- [Information provided]:
* * *

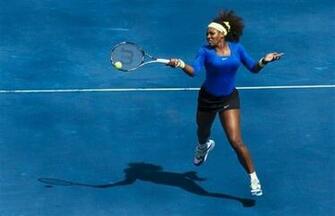 Myfabetennis Match I Saw Today Serena Williams Vs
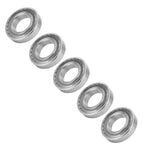 5Pcs Miniature Ball Bearings Stainless Steel High Speed Equipment Parts S6209ZZ 85x45x19mm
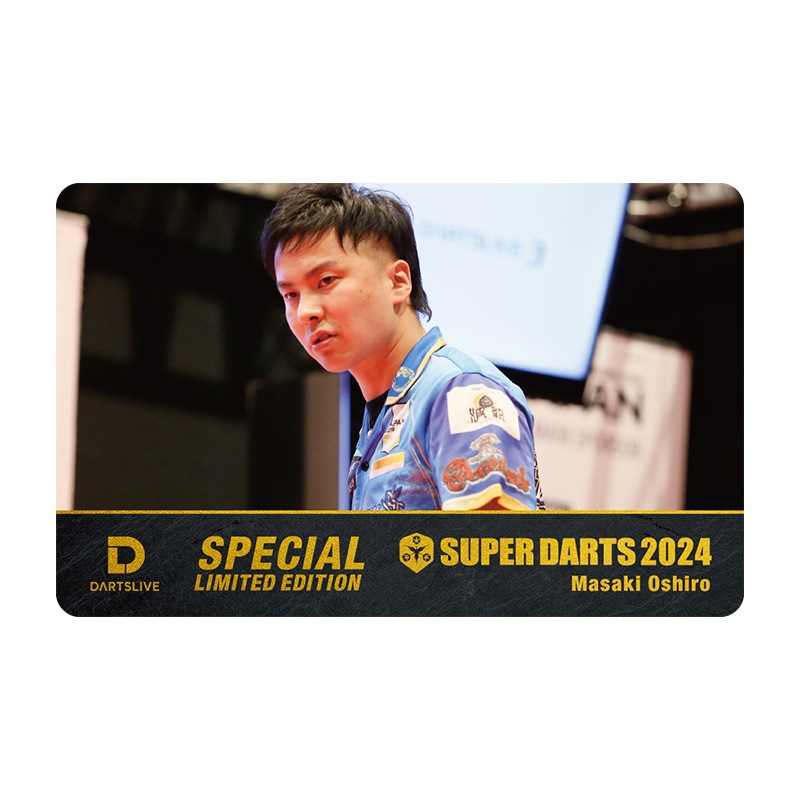 ĥ饤֥ SUPER DARTS2024ߥĥ饤֥ץ쥤䡼å 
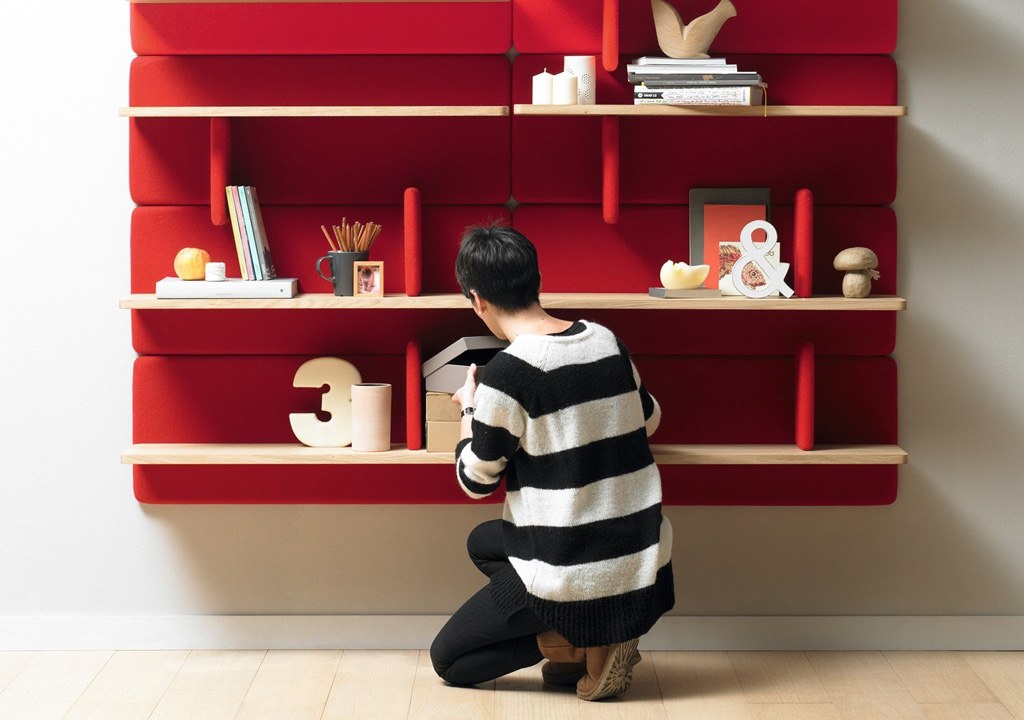 Reinterprets the classic bookshelf Reinterprets the classic bookshelf wani wear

* * *

- [Problem to solve]:
Every line in the data above needs to be given again exactly, pictures aside.

- [Response area]:
 Myfabetennis Match I Saw Today Serena Williams Vs
 5Pcs Miniature Ball Bearings Stainless Steel High Speed Equipment Parts S6209ZZ 85x45x19mm
 ĥ饤֥ SUPER DARTS2024ߥĥ饤֥ץ쥤䡼å 
 Reinterprets the classic bookshelf Reinterprets the classic bookshelf wani wear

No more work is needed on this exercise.